In 2009, Eminem prank-called his hero on LL’s SiriusXM radio show while pretending to be ‘Jason from Miami’. After a couple of minutes, Shady revealed his true identity and then started begging the rapper to hang out with him, even telling LL about how he’s got cable TV in a bid to lure him in.

In a later appearance on the same radio show, Eminem spoke with Cool J again, this time to discuss how much he aspired to be him when he was younger. “I wanted to be like you; I hope that doesn’t sound weird,” Eminem explained.

“I absolutely wanted to be like you,” the rapper continued, “I wanted to be like Run-D.M.C. It was something about the energy to just say what you want to say, and you could talk about your life, and you could talk about shit that bothers you. I just gravitated towards it, and I never strayed from the first day that I heard a rap song.”
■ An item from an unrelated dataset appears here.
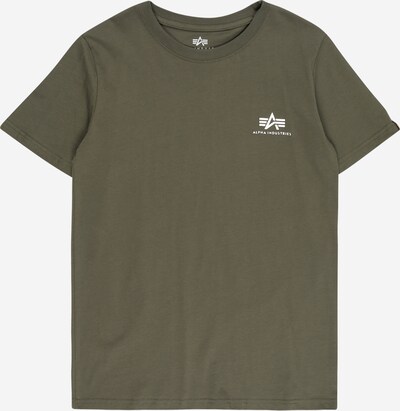 ALPHA INDUSTRIES T-shirt i oliv / vit, Produktvy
Shady continued: “It was interesting to watch you and see your range as a writer and see that you could make a love song, you could make a song for the dudes, and your range as a writer was so incredible,” Em continued to tell LL Cool J. “Then, when you didn’t drop an album for a couple of years, rap started advancing a little more. [That is when] you came out and advanced it again. It was so crazy to just watch it because you could do whatever anyone else was doing.

“You could do that and just do the shit better. Watching that, especially when you came back with ‘Mama Said Knock You Out,’ [mimics opening verse] I was like, ‘Yo! You wrote that?’ [Laughs] And the energy in the middle of the song was like…Goddamn! I wanted to fuck my room up.”

Eminem’s music has made countless rappers feel that same shot of inspiration that he felt as a youngster when he first heard LL Cool J. Since that moment, a switch went off inside Marshall Mathers, and soon enough, a rap demigod had been born.

The global reach, the millions of albums sold, and the tour dates maxed out to capacity, very little of that would have been possible without LL Cool J providing a young Marshall with all the inspiration he needed.